▶ **Required action**: For the data below, restate word for word only the lines from the line containing "Immagine 1 di" through the line containing "Stegepande Magefesa 24", both ends included.

▶ **Provided entries**:
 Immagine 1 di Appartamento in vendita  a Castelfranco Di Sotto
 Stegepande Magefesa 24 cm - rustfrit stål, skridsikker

--

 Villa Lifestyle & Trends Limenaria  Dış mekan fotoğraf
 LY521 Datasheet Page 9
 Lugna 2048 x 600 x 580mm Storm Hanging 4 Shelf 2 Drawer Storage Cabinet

▶ **Response for this exercise**:
 Immagine 1 di Appartamento in vendita  a Castelfranco Di Sotto
 Stegepande Magefesa 24 cm - rustfrit stål, skridsikker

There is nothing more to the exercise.